Puede seguir porque los juguetes que ligaste en alguno de los momentos de prosperidad marchan a la venta, bicicleta incluida.
La pobreza no tiene por qué ser continua, en nuestro caso era un subibaja endemoniado. Y, donde seguro te encontrás con la pobreza es en tu casa, o en lo que tengas para vivir.
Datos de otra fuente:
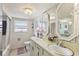 Bathroom featuring double sinks and a large mirror at 5200 Brittany S Dr # 1501, St Petersburg, FL 33715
Nunca vivimos en un rancho de lata, pero vivimos en un solo ambiente construido por nosotros, todos juntos y amontonados, sin ventanas, sin revocar y con el baño afuera, un agujero y un latón para bañarte, allá en la calle Esmeralda 1863. Es una dirección que nunca podré olvidarme, no por la pobreza, sino por la generosidad de mis abuelastros, dos seres maravillosos, don Juan y Margarita, y por los pibes de la cuadra, con los que aprendí a jugar a la bolita, con los trompos y al fútbol en la calle, esquivando el verdín.
La pobreza también te la encontrás en una casita perdida en un barrio de calles de tierra, a kilómetros de la playa La Perla en Mar del Plata y donde íbamos con Giorgio al almacén, bastante salteado, por cierto, con honda y un rifle de aire comprimido salvado de los remates, porque las barras de pibes de la zona eran bravas y si te agarraban de gil, estabas perdido.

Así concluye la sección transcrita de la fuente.